The park is on the island of Tutuila – the largest island in American Samoa, home to the capital of Pago Pago (PAHNG-go PAHNG-go. This island exhibits substantial weathering which has left most of the area with no visible craters from previous volcanic activity. The exeption to this is the Leone Peninsula, formed about 70,000 years ago. Across the park many closely spaced streams can be found which deeply erode the volcanic slopes made of basalt. Drowned valleys, coastal flats, and volcanic intrusions such as Rainmaker Mountain, can also be found on the island. Rainmaker Mountain is a volcanic feature known as a trachyte plug. This means that it is a volcanic intrusion made of extrusive igneous rocks having alkali feldspar and minor mafic minerals as the main components and a fine-grained, generally porphyritic texture. At Vaisa Point on the northern coast of the park unit, streams drop into the sea from hanging valleys created when the erosion of the crashing waves cuts down faster than the erosion caused by the streams. In the western area of the park, pillow lavas can be found in Amalau Cove.
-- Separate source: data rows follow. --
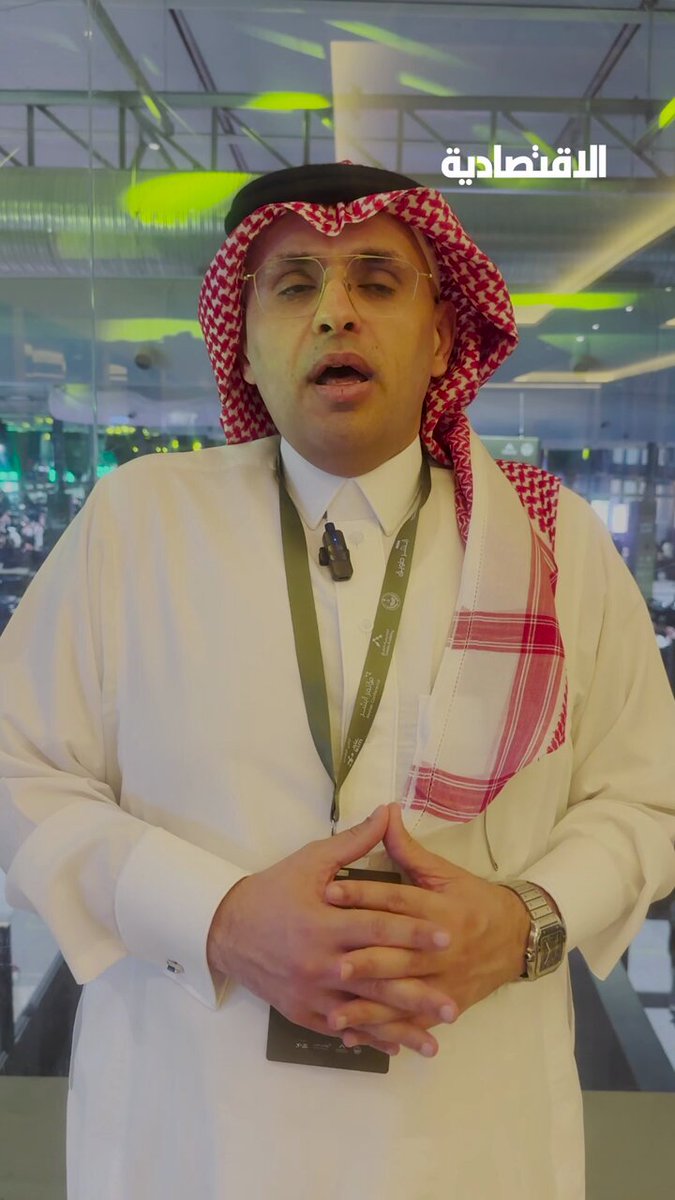 يراقب عدد من الشركات التقنية الكبرى في العالم مثل Google Cloud وMeta وHuawei وNVIDIA المشاريع السعودية المشاركة في هاكاثون "أبشر طويق" للابتكار التقني، المقام في العاصمة الرياض، وفق ما أكده لـ"الاقتصادية" متحدث مؤتمر أبشر طارق الحميد - هاكاثون أبشر طويق يُعد الأكبر من نوعه على مستوى العالم من حيث عدد المشاركين الذي يتجاوز 5 آلاف. salamxp. مزيد من التفاصيل في التعليقات 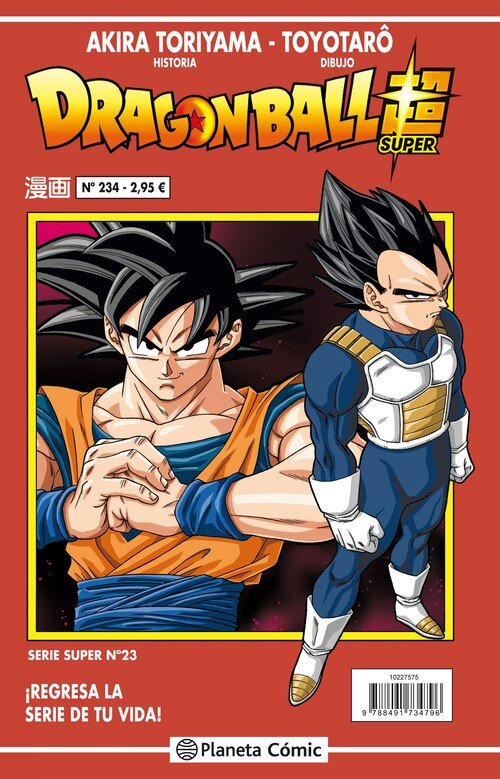 DRAGON BALL SERIE ROJA N� 234 (VOL5)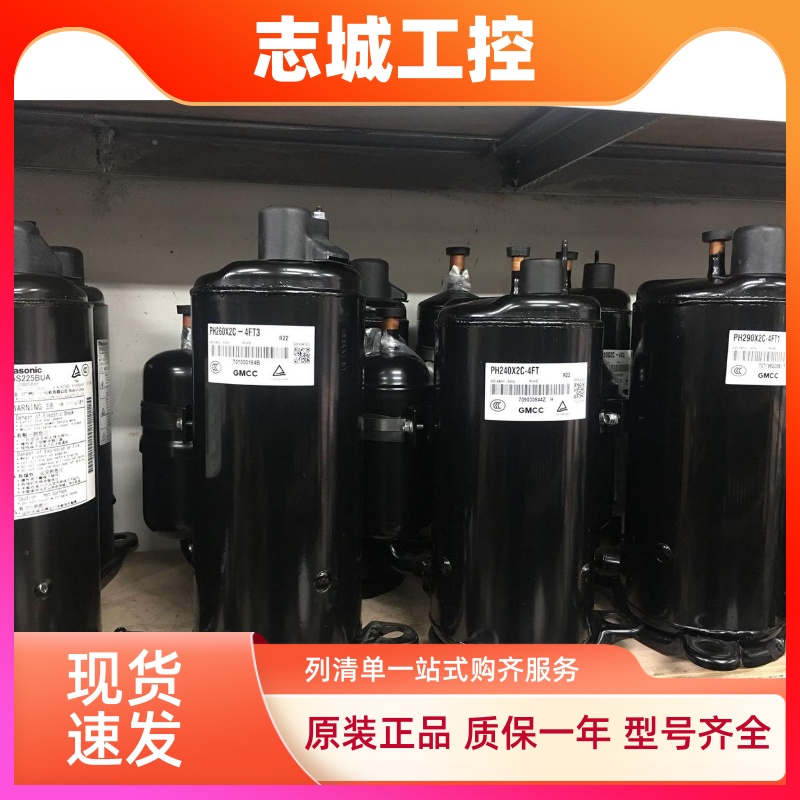 PH260X2C-8FTC1 4FT3 PH280X2C-4FT1 PH250X2C全新东芝美的压缩机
Pillow lavas are formed by extrusion of basaltic lava from the seafloor that solidifies underwater. Because of the intense action of the waves at the beach in this area, the boulders and chunks of coral have become known as the “singing rocks” because they can be heard moving back and forth with the motion of the water.

In addition to the local geological activity on each of the islands, American Samoa is also active on a much larger scale. To understand this concept, one must first understand the movement of plates across the earth’s surface. American Samoa is located on the Pacific Plate. This plate also contains the islands of Hawaii and many others. An important feature of the island groups on the Pacific Plate is that the ones located over a hotspot are all oriented in a linear fashion. Since the Pacific Plate is moving in a pretty straight path, all island groups over hotspots were formed in a line that matches the direction of plate movement. This shows that the hotspot isn’t moving, but the plate definitely is. The islands on the Pacific Plate grow progressively older as you move from east to west. As it continues its westward trek, the Pacific Plate is making a slow collision with other plates, including the Australian Plate. The collision of these two massive sections of earth causes quite a bit of geologic disruption in the area including earthquakes and volcanoes. Since the two plates cannot occupy the same area on the earth’s surface, something must happen when they collide. Recent surveys suggest what may be happening below. The Tongan Trench is an area along the seafloor between Samoa and Australia where the Pacific Plate is subducted under the Australian Plate. Long cracks along the seafloor between Samoa and the Tongan Trench oriented in an east-west direction seem to be formed by the bending of the seafloor. These cracks in the seafloor make it easier for hot magma from underneath the earth’s crust to erupt as younger lava on top of older islands. Since we already know that the Pacific Plate is gradually being submerged, it is possible to predict that the Samoan Islands will one day be subducted as well. Slowly, the islands are moving closer and closer to the subduction zone, and at some point they too will be sucked under the Australian Plate. Luckily, American Samoa will be around for millions more years for all to enjoy.